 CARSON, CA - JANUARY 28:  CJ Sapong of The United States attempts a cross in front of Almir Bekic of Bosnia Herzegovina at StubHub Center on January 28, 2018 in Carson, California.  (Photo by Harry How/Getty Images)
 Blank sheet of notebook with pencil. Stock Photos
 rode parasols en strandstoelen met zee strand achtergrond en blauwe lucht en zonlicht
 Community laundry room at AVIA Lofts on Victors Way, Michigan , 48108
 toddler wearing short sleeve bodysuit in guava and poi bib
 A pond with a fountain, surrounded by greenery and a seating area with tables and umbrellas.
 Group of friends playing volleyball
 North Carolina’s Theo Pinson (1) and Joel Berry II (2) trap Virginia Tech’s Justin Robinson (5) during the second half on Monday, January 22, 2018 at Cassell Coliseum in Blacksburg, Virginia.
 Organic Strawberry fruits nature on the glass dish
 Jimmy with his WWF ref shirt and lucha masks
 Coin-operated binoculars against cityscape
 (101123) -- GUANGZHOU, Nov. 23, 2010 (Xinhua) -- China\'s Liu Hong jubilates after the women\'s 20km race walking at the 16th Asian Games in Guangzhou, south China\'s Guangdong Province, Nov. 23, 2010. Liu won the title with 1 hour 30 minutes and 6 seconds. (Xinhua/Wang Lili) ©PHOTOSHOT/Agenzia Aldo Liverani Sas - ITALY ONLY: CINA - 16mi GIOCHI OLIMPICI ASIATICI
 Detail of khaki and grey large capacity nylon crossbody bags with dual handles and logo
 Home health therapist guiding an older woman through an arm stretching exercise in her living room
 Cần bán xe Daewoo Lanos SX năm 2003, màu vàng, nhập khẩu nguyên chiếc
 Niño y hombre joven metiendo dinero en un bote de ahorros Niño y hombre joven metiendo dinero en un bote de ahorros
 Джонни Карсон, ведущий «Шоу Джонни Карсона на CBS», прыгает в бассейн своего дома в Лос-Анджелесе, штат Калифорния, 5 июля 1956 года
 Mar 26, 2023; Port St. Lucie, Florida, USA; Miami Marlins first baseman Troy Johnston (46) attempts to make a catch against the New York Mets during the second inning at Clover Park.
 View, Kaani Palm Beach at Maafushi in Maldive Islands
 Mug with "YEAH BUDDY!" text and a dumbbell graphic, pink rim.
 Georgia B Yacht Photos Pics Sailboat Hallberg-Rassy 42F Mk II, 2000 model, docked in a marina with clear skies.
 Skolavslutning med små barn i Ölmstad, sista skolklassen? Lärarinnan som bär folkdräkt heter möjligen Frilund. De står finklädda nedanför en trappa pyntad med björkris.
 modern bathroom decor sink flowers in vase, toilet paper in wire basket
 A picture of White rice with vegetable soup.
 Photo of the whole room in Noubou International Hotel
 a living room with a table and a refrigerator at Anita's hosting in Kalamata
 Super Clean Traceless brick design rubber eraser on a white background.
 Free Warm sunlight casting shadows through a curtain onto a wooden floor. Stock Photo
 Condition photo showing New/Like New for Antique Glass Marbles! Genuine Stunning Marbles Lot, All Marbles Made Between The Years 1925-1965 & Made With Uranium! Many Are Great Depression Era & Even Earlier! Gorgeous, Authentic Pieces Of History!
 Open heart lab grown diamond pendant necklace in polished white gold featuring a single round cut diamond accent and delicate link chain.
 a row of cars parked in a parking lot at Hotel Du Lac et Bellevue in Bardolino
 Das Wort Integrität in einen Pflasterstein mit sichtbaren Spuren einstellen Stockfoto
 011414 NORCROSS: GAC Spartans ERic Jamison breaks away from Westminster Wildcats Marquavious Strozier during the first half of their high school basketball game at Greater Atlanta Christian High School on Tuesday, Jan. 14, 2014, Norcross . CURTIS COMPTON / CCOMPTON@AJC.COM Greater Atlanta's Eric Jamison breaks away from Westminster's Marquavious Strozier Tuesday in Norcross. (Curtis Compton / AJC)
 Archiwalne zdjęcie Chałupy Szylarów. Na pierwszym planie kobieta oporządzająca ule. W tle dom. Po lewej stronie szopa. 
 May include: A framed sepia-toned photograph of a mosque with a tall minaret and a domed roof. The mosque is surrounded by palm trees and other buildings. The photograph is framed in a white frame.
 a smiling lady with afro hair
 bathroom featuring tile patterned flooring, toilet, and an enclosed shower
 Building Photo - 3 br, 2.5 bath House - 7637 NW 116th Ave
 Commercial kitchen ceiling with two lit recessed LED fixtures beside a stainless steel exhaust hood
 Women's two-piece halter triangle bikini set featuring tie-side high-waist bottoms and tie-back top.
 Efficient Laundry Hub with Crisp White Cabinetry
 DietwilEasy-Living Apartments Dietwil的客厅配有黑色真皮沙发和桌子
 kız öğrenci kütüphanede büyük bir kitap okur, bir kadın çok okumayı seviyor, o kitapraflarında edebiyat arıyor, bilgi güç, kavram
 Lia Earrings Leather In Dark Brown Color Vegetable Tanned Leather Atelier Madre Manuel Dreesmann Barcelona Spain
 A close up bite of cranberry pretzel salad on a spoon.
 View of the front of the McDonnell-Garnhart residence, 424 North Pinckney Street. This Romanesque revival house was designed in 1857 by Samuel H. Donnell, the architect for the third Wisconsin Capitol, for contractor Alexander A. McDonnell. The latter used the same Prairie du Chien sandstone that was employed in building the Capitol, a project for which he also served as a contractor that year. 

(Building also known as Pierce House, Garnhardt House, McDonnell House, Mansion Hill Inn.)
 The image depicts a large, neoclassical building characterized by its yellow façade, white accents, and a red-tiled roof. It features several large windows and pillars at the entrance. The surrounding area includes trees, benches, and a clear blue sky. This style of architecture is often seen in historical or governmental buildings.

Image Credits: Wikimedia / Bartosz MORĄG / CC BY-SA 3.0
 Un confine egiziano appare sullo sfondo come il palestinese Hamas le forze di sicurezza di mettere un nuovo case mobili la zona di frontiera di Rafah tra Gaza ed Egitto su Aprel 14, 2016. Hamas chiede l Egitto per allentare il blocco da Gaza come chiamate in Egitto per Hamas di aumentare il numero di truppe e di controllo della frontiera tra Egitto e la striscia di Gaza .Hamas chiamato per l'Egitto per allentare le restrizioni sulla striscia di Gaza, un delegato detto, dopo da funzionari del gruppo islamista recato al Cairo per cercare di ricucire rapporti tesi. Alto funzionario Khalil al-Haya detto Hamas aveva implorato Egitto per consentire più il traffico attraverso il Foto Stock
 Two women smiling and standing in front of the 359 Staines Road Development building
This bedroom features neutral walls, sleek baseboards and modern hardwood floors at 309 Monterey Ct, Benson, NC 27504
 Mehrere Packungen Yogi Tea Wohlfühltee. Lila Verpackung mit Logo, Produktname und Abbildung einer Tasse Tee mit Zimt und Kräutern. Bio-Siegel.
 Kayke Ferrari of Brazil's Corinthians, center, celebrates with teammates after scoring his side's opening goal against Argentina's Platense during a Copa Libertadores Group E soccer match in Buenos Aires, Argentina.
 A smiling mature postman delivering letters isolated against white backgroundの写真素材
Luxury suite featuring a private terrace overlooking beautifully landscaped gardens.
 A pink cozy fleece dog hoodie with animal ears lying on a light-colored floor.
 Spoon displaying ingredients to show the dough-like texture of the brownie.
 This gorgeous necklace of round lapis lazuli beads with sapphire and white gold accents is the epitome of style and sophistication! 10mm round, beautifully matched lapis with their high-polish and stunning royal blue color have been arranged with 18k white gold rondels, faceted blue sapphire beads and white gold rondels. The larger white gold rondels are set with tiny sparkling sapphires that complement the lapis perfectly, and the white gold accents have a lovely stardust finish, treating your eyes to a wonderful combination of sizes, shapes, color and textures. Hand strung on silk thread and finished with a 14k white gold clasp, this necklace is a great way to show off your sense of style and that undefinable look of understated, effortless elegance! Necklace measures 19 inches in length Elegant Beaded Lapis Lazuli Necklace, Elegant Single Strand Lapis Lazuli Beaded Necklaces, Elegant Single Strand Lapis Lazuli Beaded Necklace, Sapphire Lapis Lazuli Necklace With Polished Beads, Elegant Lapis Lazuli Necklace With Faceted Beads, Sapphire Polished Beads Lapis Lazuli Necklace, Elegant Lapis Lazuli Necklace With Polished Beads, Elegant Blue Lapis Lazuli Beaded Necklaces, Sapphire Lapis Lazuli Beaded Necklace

◆ ◆ ◆ ◆ ◆

Reproduce only this range: the first line of the data above through the line with "Home health therapist", both included, exactly as written.

 CARSON, CA - JANUARY 28:  CJ Sapong of The United States attempts a cross in front of Almir Bekic of Bosnia Herzegovina at StubHub Center on January 28, 2018 in Carson, California.  (Photo by Harry How/Getty Images)
 Blank sheet of notebook with pencil. Stock Photos
 rode parasols en strandstoelen met zee strand achtergrond en blauwe lucht en zonlicht
 Community laundry room at AVIA Lofts on Victors Way, Michigan , 48108
 toddler wearing short sleeve bodysuit in guava and poi bib
 A pond with a fountain, surrounded by greenery and a seating area with tables and umbrellas.
 Group of friends playing volleyball
 North Carolina’s Theo Pinson (1) and Joel Berry II (2) trap Virginia Tech’s Justin Robinson (5) during the second half on Monday, January 22, 2018 at Cassell Coliseum in Blacksburg, Virginia.
 Organic Strawberry fruits nature on the glass dish
 Jimmy with his WWF ref shirt and lucha masks
 Coin-operated binoculars against cityscape
 (101123) -- GUANGZHOU, Nov. 23, 2010 (Xinhua) -- China\'s Liu Hong jubilates after the women\'s 20km race walking at the 16th Asian Games in Guangzhou, south China\'s Guangdong Province, Nov. 23, 2010. Liu won the title with 1 hour 30 minutes and 6 seconds. (Xinhua/Wang Lili) ©PHOTOSHOT/Agenzia Aldo Liverani Sas - ITALY ONLY: CINA - 16mi GIOCHI OLIMPICI ASIATICI
 Detail of khaki and grey large capacity nylon crossbody bags with dual handles and logo
 Home health therapist guiding an older woman through an arm stretching exercise in her living room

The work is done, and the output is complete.